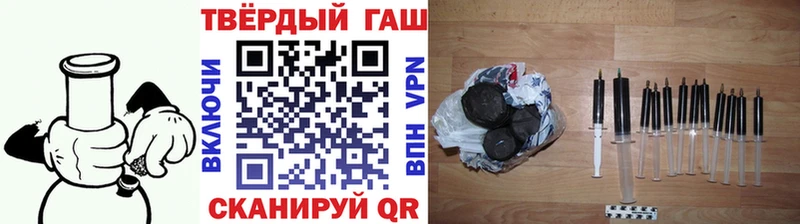 ГАШИШ VHQ  купить наркоту  Серов 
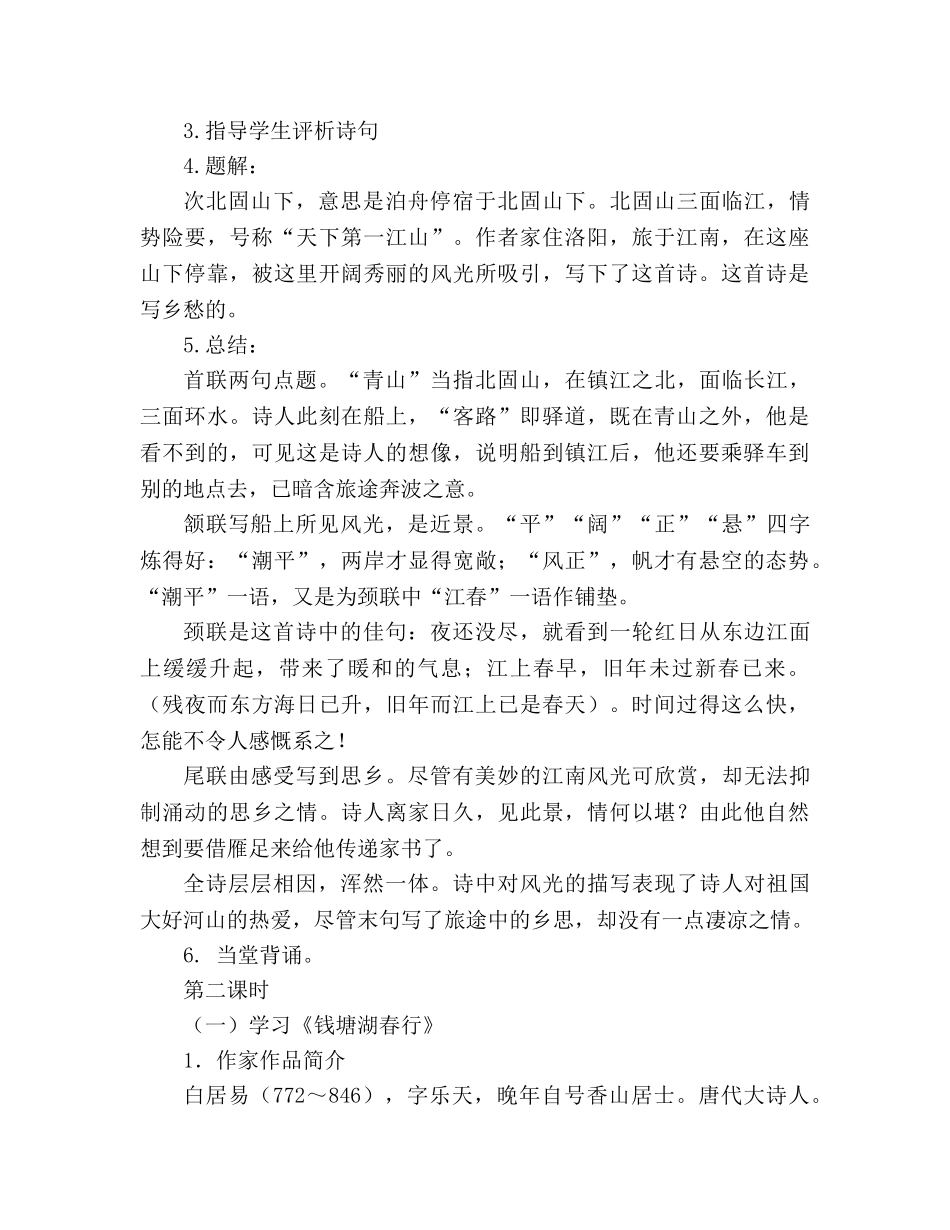 教案人教版语文七年级上册《古代诗歌四首》新课标2 _第3页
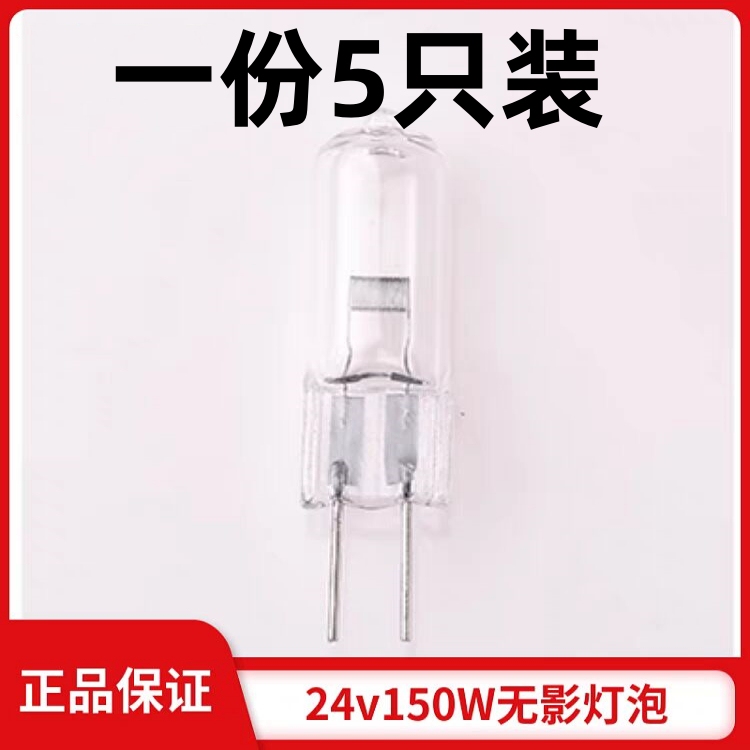 24V150W250W Surgical Shadowless Lamp Projector Machine Tool Lamp Bead Pin Halogen Lamp Bulb Tungsten Halogen Lamp Bead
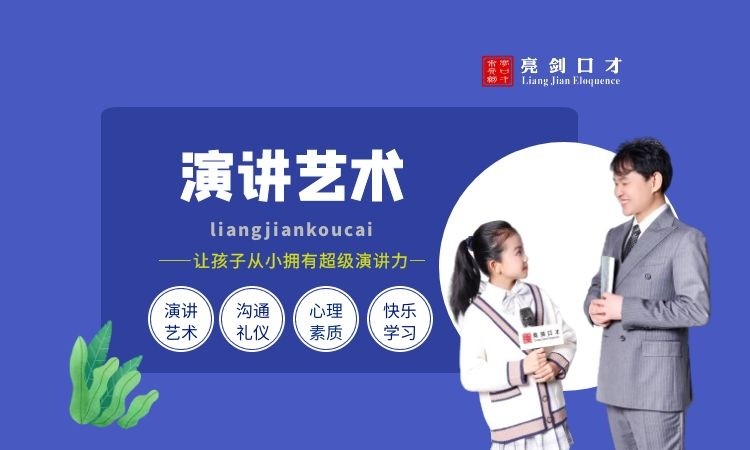 太原演讲艺术‖少儿口才系列培训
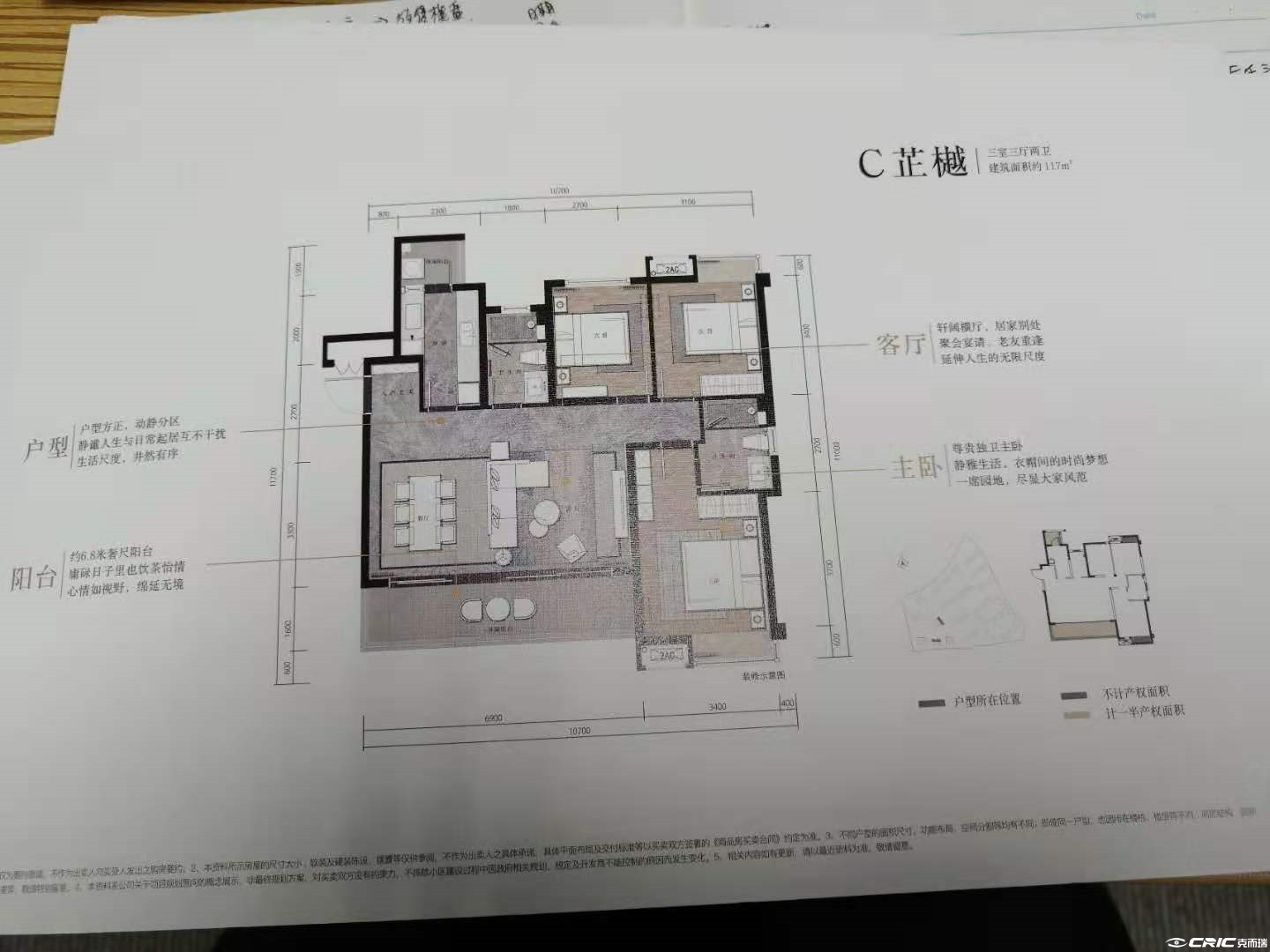 C户型图
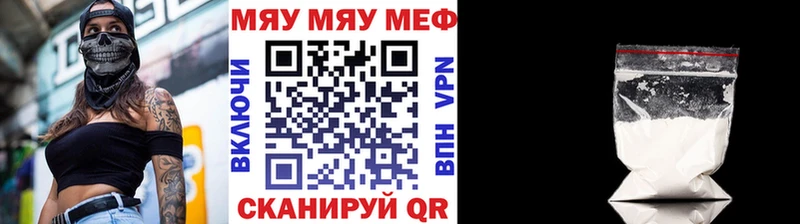 кракен как зайти  Южа  МЯУ-МЯУ мяу мяу 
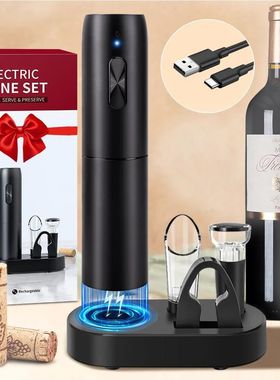 Electric Wine Bottle Opener Automatic Red Wine Corkscrew wit
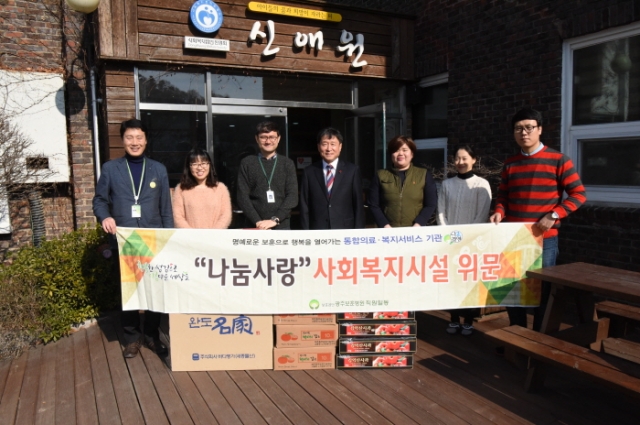 광주보훈병원 이미지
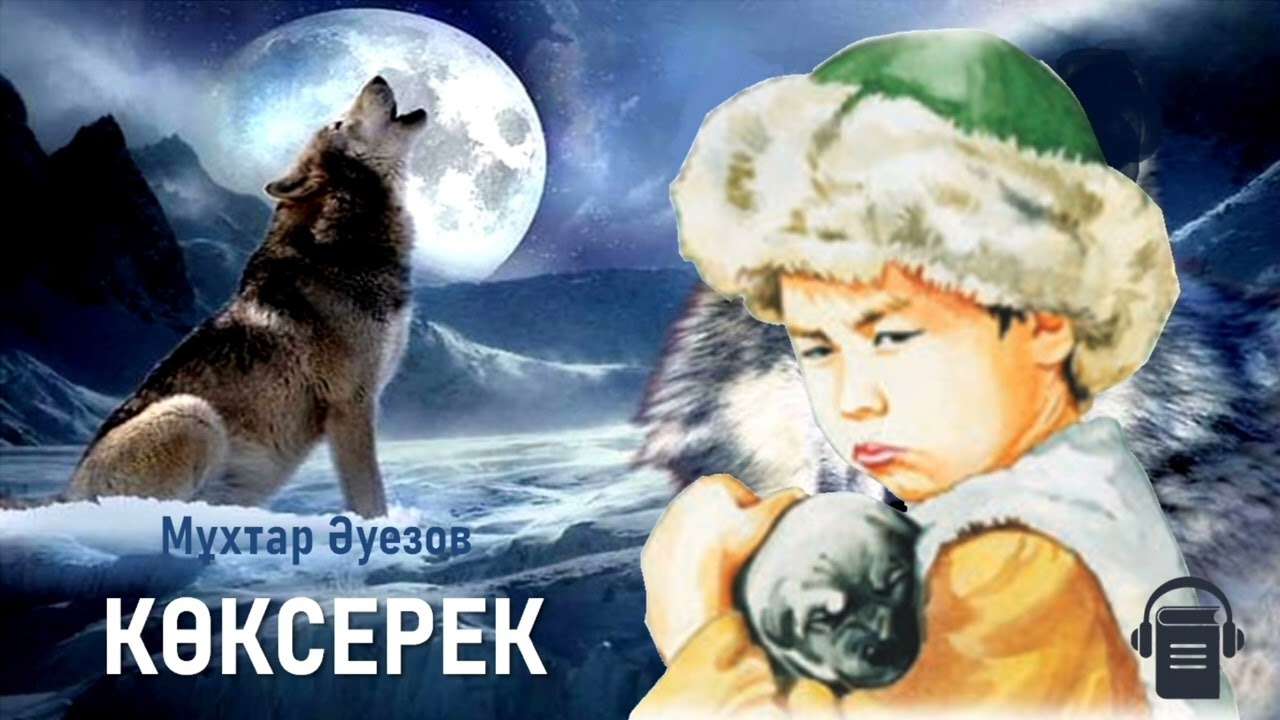 косерек puzzle online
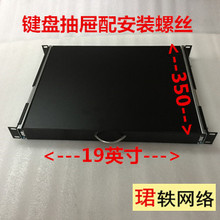 �C����s�Ӱ�����I�P���ʽ���廬��ʽ�бP����ʽ�а�19Ӣ��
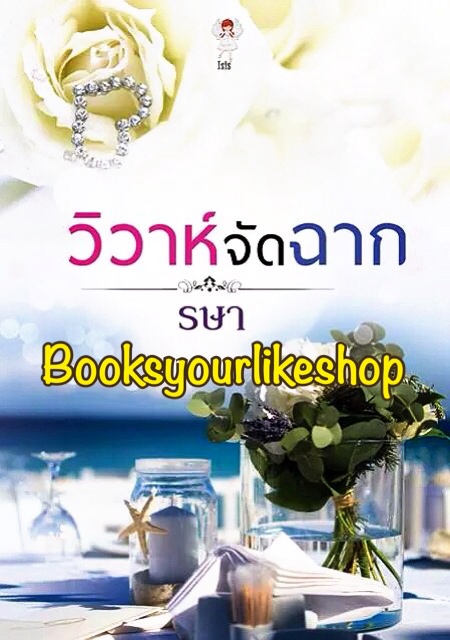 วิวาห์จัดฉาก / รษา สนพ Isis Novel หนังสือใหม่ *** สนุกคะ ***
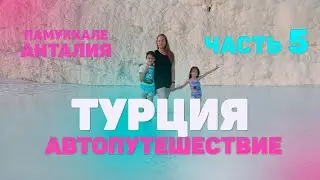 В ТУРЦИЮ НА МАШИНЕ С ДЕТЬМИ/ АВТОПУТЕШЕСТВИЕ С ДЕТЬМИ/ ПАМУККАЛЕ / ПО ТУРЦИИ НА АВТО/ ИВАНОВЫ онлайн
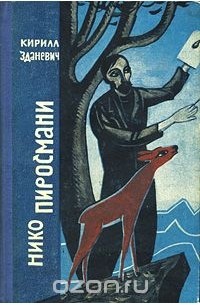 Кирилл Зданевич - Нико Пиросмани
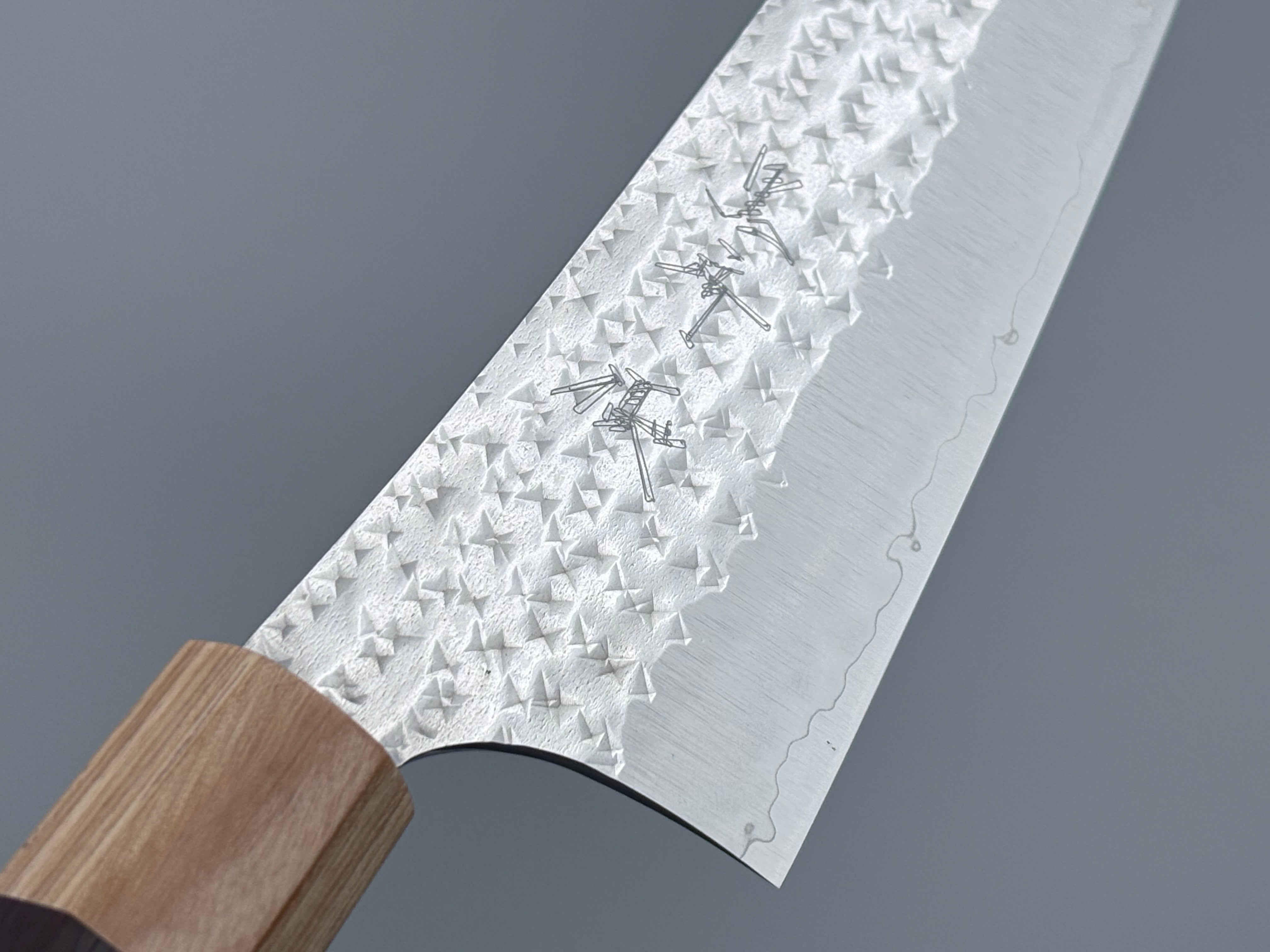 Yu Kurosaki Senko Gyuto 210mm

• Aim of the exercise:
Any picture in the listing is to be omitted. Return exactly the lines from the one containing "วิวาห์จัดฉาก / รษา" through its last line, both included, and only those.

• Solution to this problem:
 วิวาห์จัดฉาก / รษา สนพ Isis Novel หนังสือใหม่ *** สนุกคะ ***
 В ТУРЦИЮ НА МАШИНЕ С ДЕТЬМИ/ АВТОПУТЕШЕСТВИЕ С ДЕТЬМИ/ ПАМУККАЛЕ / ПО ТУРЦИИ НА АВТО/ ИВАНОВЫ онлайн
 Кирилл Зданевич - Нико Пиросмани
 Yu Kurosaki Senko Gyuto 210mm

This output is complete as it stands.